I must have posted this while you were still putting pictures up. I see them now. Well done Al.


----------



## mjschijf (Oct 1, 2007)

I think fixed blade is drinking again. :lol: 

Nice pics, Al. That looks awesome. Thanks for sharing!


----------



## Al Hansen (Sep 7, 2007)

fixed blade said:


> I must have posted this while you were still putting pictures up. I see them now. Well done Al.


It takes me awhile to remember how to put a pic on. Enjoy.


----------



## fixed blade XC-3 (Sep 11, 2007)

mjschijf said:


> I think fixed blade is drinking again. :lol:
> 
> *Nice pics, Gary*. That looks awesome. Thanks for sharing!


Mjsjciiefsefks. I think you mean Nice pics, Al.


----------



## huntnbum (Nov 8, 2007)

Every time I open this page there is more cool pictures  
Looks like you had a great time Al, or is it Gary?
I was wondering why you were saying it was so warm the other day, now I know.


----------



## .45 (Sep 21, 2007)

Good for you _Captain Alvin_ !! 

What's that other weird fish your holding ? :?


----------



## mjschijf (Oct 1, 2007)

HAHA ok I fixed my post. 

Damnit, where the hell did I get Gary from?


----------



## fixed blade XC-3 (Sep 11, 2007)

mjschijf said:


> HAHA ok I fixed my post.
> 
> Damnit, where the hell did I get Gary from?


Who's been drinking???? :wink:

Al that is really cool, Id love to do that some time. Did you get sea sickness?


----------



## Al Hansen (Sep 7, 2007)

The other fish are all "El Dorado's" also known a Mahi Mahi. Man , they were good eatin.


----------



## Al Hansen (Sep 7, 2007)

fixed blade said:


> mjschijf said:
> 
> 
> > HAHA ok I fixed my post.
> ...


Nope, no sea sickness. The wife said she could feel it a day or two later. But I was fine.


----------



## plottrunner (Apr 3, 2008)

Wow looks like a great trip Al......especially since the thermometer dropped so much here..


----------



## Jitterbug (Sep 10, 2007)

Al Hansen said:


> The other fish are all "El Dorado's" also known a Mahi Mahi. Man , they were good eatin.


Did ya make some fish tacos outta those babies?! Ummmmmmmm!
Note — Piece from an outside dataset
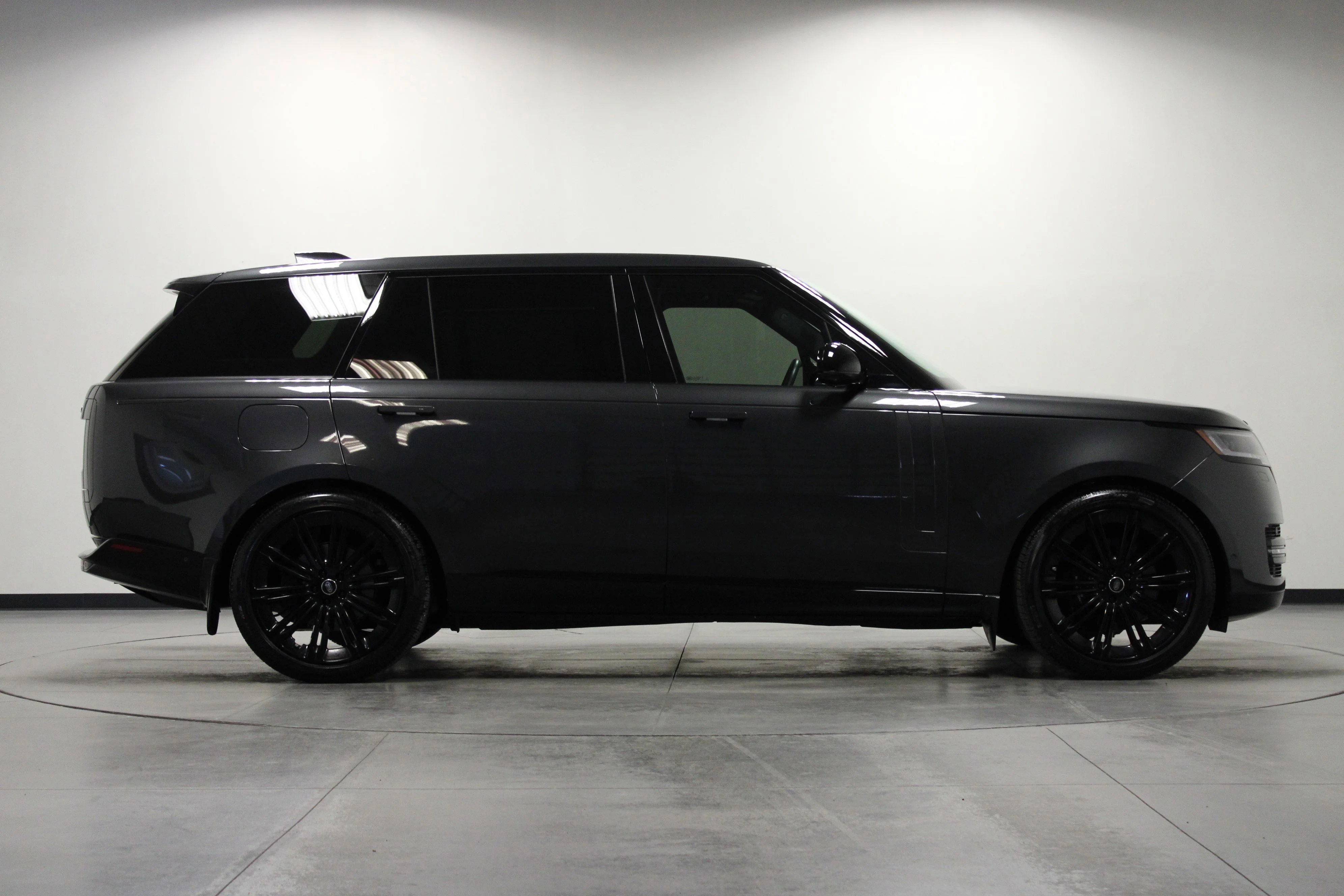 Used 2025 Carpathian Grey Premium Metallic Land Rover SE image 3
Thanks for sharing! Nice Pix!


----------



## holman927 (Sep 28, 2007)

Now thats some exotic fish porn right there. Down Orvis, down boy. :mrgreen:


----------



## NHS (Sep 7, 2007)

Sounds and looks like a great time Al. Glad you made it back safe. Great pictures!


----------



## wyogoob (Sep 7, 2007)

Very nice Al.


----------



## RnF (Sep 25, 2007)

Indeed, very nice.


----------



## dunn_gary (Sep 11, 2007)

--\O 

Yu may remember my post from last winter when we went to Cabo. We only caught the one, a black marlin, nearly 9 feet. Man, Al, they are a blast aren't they!


----------



## Al Hansen (Sep 7, 2007)

dunn_gary said:


> --\O
> 
> Yu may remember my post from last winter when we went to Cabo. We only caught the one, a black marlin, nearly 9 feet. Man, Al, they are a blast aren't they!
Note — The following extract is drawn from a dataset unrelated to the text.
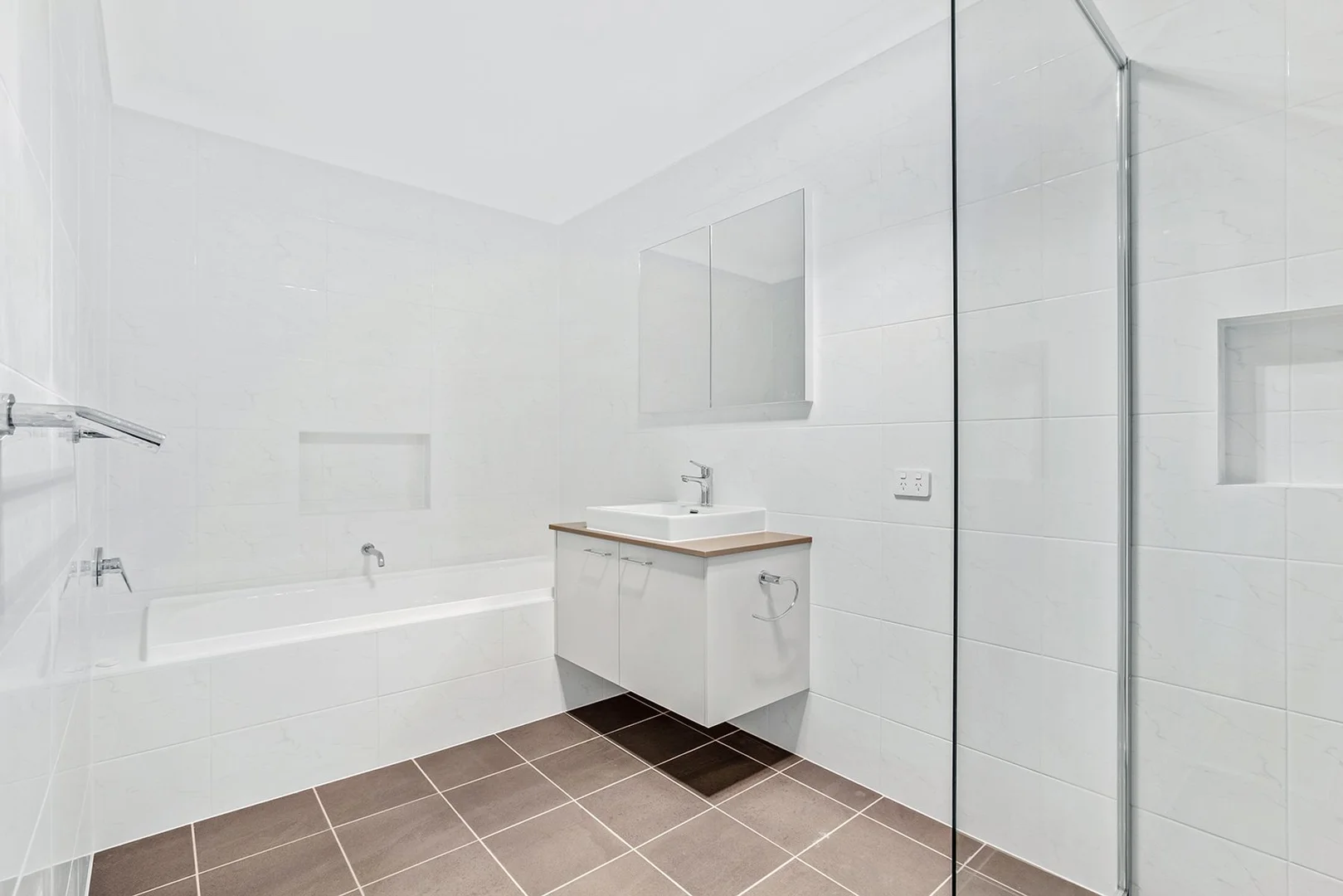 Additional image 4 of 5a Bapaume Place, Milperra NSW 2214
I will always remember this. It was the most incredible experience. A once in a life time deal.


----------



## tubbyama (Oct 14, 2008)

Nice catch, next time try and release that marlin to fight her again. Killin' marlin is kinda a let-down (I know Ive done it.) besides they taste like horse anyways.


----------



## Al Hansen (Sep 7, 2007)

tubbyama said:


> Nice catch, next time try and release that marlin to fight her again. Killin' marlin is kinda a let-down (I know Ive done it.) besides they taste like horse anyways.


I asked about that and the Boat Captain said no. I'm not sure why , but all I got out of it was a 12 inch fillet that I and my family feasted on that night. Horse ?? I think not, it was very tasty.


----------



## Pez Gallo (Dec 27, 2007)

Congrats on the trip! Last year I got a chance to spend about 5 hours in Cabo. Did a little inshore fishing. Caught 4 sierra/spanish mackerel (one on the fly), 3 roosters (two on the fly), and hooked into a dorado but lost him. They are fast suckers! I have been dying ever since that day to go back and your post refueled that flame. Thanks for the post!


----------